В.Л. Иноземцев отмечает: «Сегодня нельзя не признать, что теория постиндустриального общества (несмотря на сопутствующую ей в течение десятилетий обширную критику - Т.С.) стала фактически единственной социологической концепцией XX века, в полной мере подтвержденной исторической практикой. Как и было предсказано ее создателями, общество массового потребления породило сервисную экономику, а в ее рамках наиболее быстрыми темпами стал развиваться информационный сектор хозяйства <...>. Постиндустриальный мир входит в XXI век вполне автономным социальным образованием, контролирующим мировое производство технологий и сложных высокотехнологичных товаров, вполне обеспечивающим себя промышленной и сельскохозяйственной продукцией, относительно независимым от поставок энергоносителей и сырья, а также самодостаточным с точки зрения торговли и инвестиций» [Иноземцев 2000, с. 4, 42].
Предположим, что человечество действительно стоит на пороге постиндустриальной эпохи, однако следует признать и отдаленность этой перспективы для мира в целом. Между тем для развитых экономических стран результаты постиндустриального перехода становятся все более ощутимыми как в экономической, так и социальной сфере. В работах зарубежных и российских исследователей мы встречаем амбивалентное отношение к последствиям постиндустриального перехода и к тесно связанным с ним тенденциям неолиберального развития экономики в условиях глобализации.

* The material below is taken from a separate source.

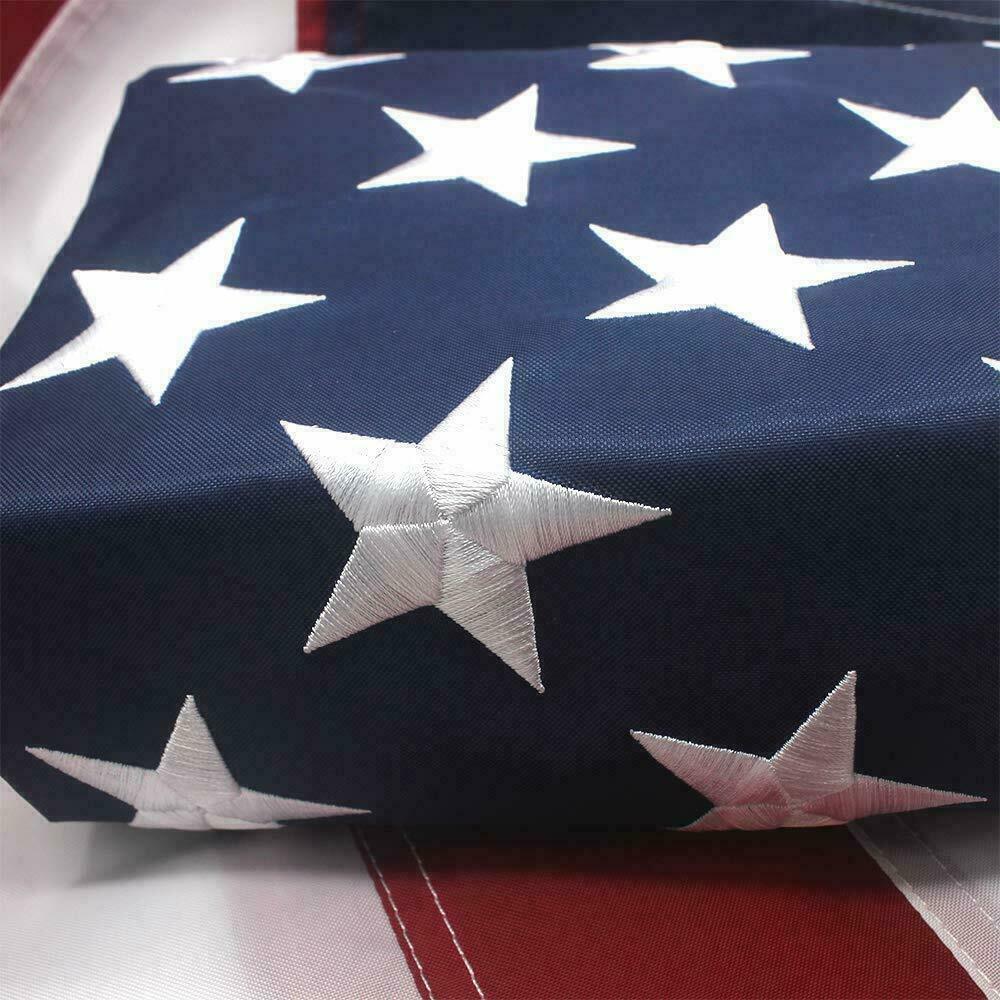 American Flag 5x8 ft Outdoor US Flag UV Protected Embroidered Stars Sewn Stripes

Среди последствий данного пути исследователи называют кризис капитализма, либерализма и демократии, демонтаж государства всеобщего благосостояния, деградацию основных социальных институтов, кризис рабочего движения и профсоюзов, упадок рынка труда и занятости, вырождение среднего класса, рост неравенства и изменение его качества, появление новых социальных образований - отбракованных (в терминологии У. Бека, людей риска в обществе риска и неопределенности), а также новых состояний социума (нестабильность и статусная неконсистентность), вступающих в противоречие с привычными условиями жизни. Перечисленное отнюдь не исчерпывает всего спектра перемен, кардинально перекроивших социальный и политический ландшафт европейского и североатлантического континентов во второй половине XX - начале XXI столетия. Россия, пойдя по пути перемен более двадцати лет назад, оказалась вовлечена в процессы, описанные западными теоретическими моделями и концепциями, и выбор этого пути - на совести идеологов рыночного пути развития и мировых экономических структур.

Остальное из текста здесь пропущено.